Roger Joseph Manning Jr. on new band The Lickerish Quartet

Photo: Jay Gilbert

“What excites me and motivates me is the record collection I grew up with as a young boy and a young man”

You might recognise Roger Joseph Manning Jr. these days as the man behind a stack of keyboards when on stage with Beck, but he was once half of the creative force behind Jellyfish, the early 90s American outfit with a rather silly name, but a deadly serious passion for beautifully crafted classic rock (or what is sometimes called ‘power pop’).

The band made two masterpieces – 1991’s Bellybutton and 1993’s Spilt Milk – before time-honoured ‘creative differences’ (between Roger and co-writer and frontman Andy Sturmer) resulted in a split just as the future was looking bright.

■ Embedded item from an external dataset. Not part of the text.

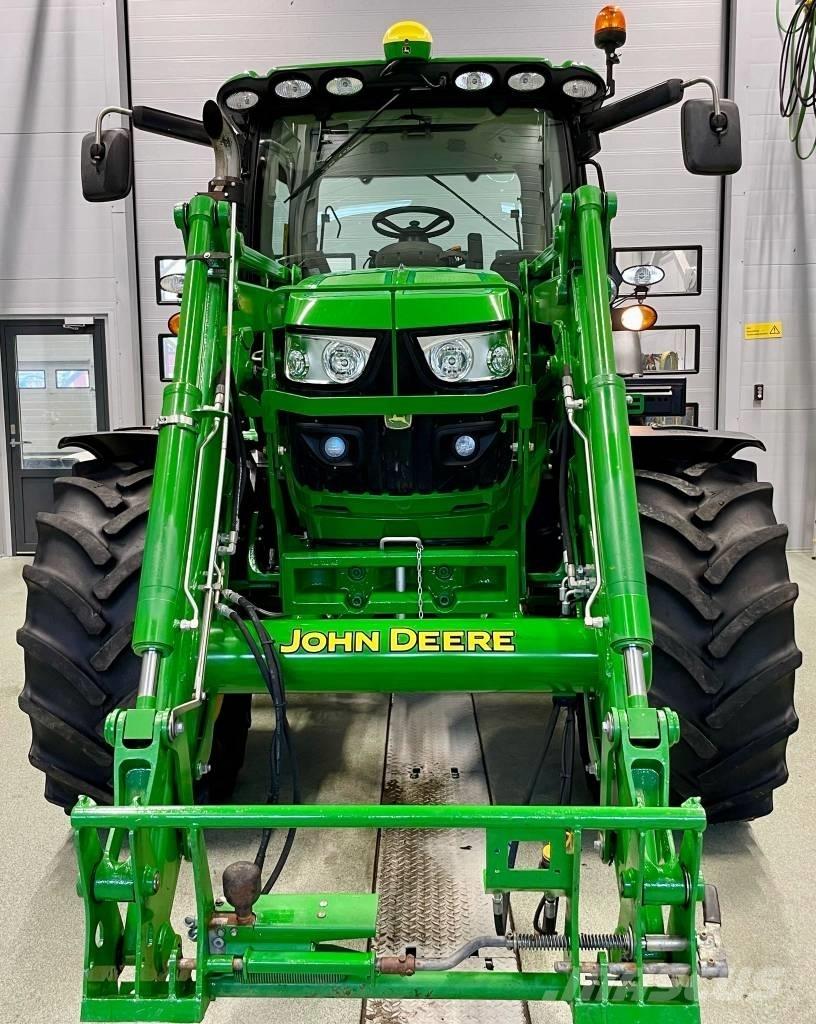 John Deere 6125 R Traktorok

Over a quarter of a century later, Roger Joseph Manning Jr. is back, joined by some of his co-conspirators of that era – although not Sturmer – with a new outfit The Lickerish Quartet that ploughs a similar furrow as his old band. Roger joins me for a chat over the phone from California to discuss the new music and – when prompted – to reflect on the past, telling SDE that “to dream of what could have been leaves a pain in my stomach, so I’m not going to do that to myself.”

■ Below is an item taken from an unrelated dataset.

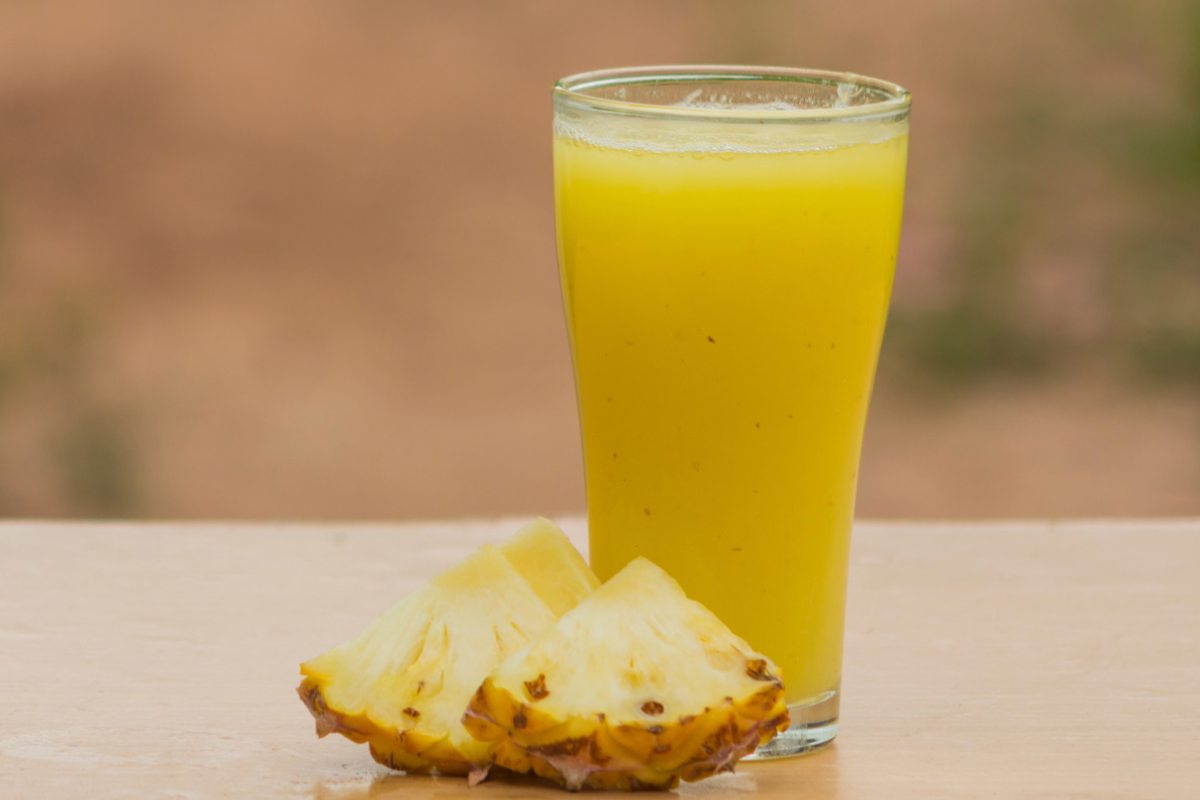 Succo d'ananas in un bicchiere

SuperDeluxeEdition: How did this new band come about?

Roger Joseph Manning Jr: Really it just came about because while Tim [Smith], Eric [Dover] and I have been friendly over the years, we’re not in each other’s lives much, especially with Tim living in Atlanta. I reached out to Tim at the beginning off 2017 to simply to say I missed writing with him and that’s it’s a shame that we never got to do an official project together – we’ve done scattered, little small stuff over the years – and he liked the idea of doing something together, whether that be long-distance or coming out to Los Angeles. And then he suggested to me that we include Eric, since Eric lives in LA. We hadn’t worked together for a while but he’d been on some of the previous stuff, years and years and years ago, in the 1990s, post-Jellyfish. Tim had a project called Umajets, that we all participated in briefly. But I think everyone just liked the idea. Everyone wanted to take a break from their usual musical lives and do something that was more important to them, and there’s nothing more important than writing and realising your own music. We all have that driving us.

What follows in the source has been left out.